Coordination of production planning and distribution in closed-loop supply chains


NEURAL COMPUTING & APPLICATIONS, vol.32, no.17, pp.13605-13623, 2020 (Journal Indexed in SCI) identifier identifier

  • Publication Type: Article / Article
  • Volume: 32 Issue: 17
  • Publication Date: 2020
  • Doi Number: 10.1007/s00521-020-04770-5
  • Page Numbers: pp.13605-13623


A closed-loop supply chain structure organises material and information flows from origin points to consumption points, including production, recycling, disposal, and other reverse logistic activities. Some integration problems arise with this structure including production, inventory, location, routing, distribution, collection, recycling, and routing. The integration problems that are facing scientific researchers include inventory routing, location routing, and location inventory. This study considers the integration problem of a closed-loop supply chain for the production, distribution, collection, and recycling quantities, along with the distribution and collection routes for each time period of a finite planning horizon. We refer to this problem as the "Closed-Loop Supply Chain Integrated Production-Inventory-Distribution-Routing Problem" (CLSC-PRP). A mathematical model is proposed that is the first to determine both quantities and routes for the CLSC-PRP simultaneously. As the problem is known to be NP-hard in terms of computational complexity, a simulated annealing-based decomposition heuristic is developed for solving large-scale CLSC-PRP instances.
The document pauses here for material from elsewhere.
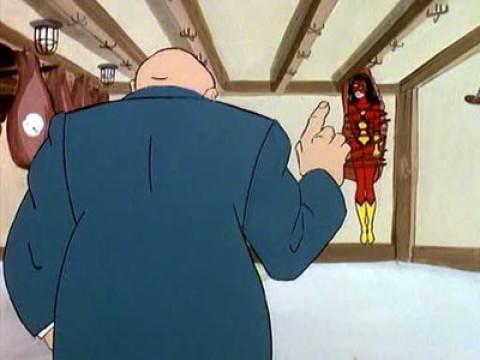 Kingpin colpisce ancora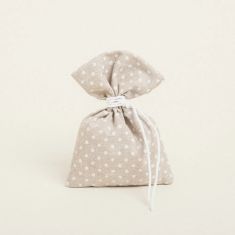 Beauty Home ΠΟΥΓΚΙ 12 x 17 cm  ΛΕΥΚΟ ΠΟΥΑ       |  Χριστουγεννιάτικα Διακοσμητικά στο espiti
The results of the proposed mathematical model for the CLSC-PRP are compared with the results of the developed heuristic and two separate models that manage forward and backward production routing problems. An extensive comparative study indicated the following: (i) the proposed model was able to reduce the cost required for operating the total supply chain by an average of 12%, along with providing a positive impact on the environment and (ii) the proposed heuristic is able to generate solutions that are close to optimal in most cases.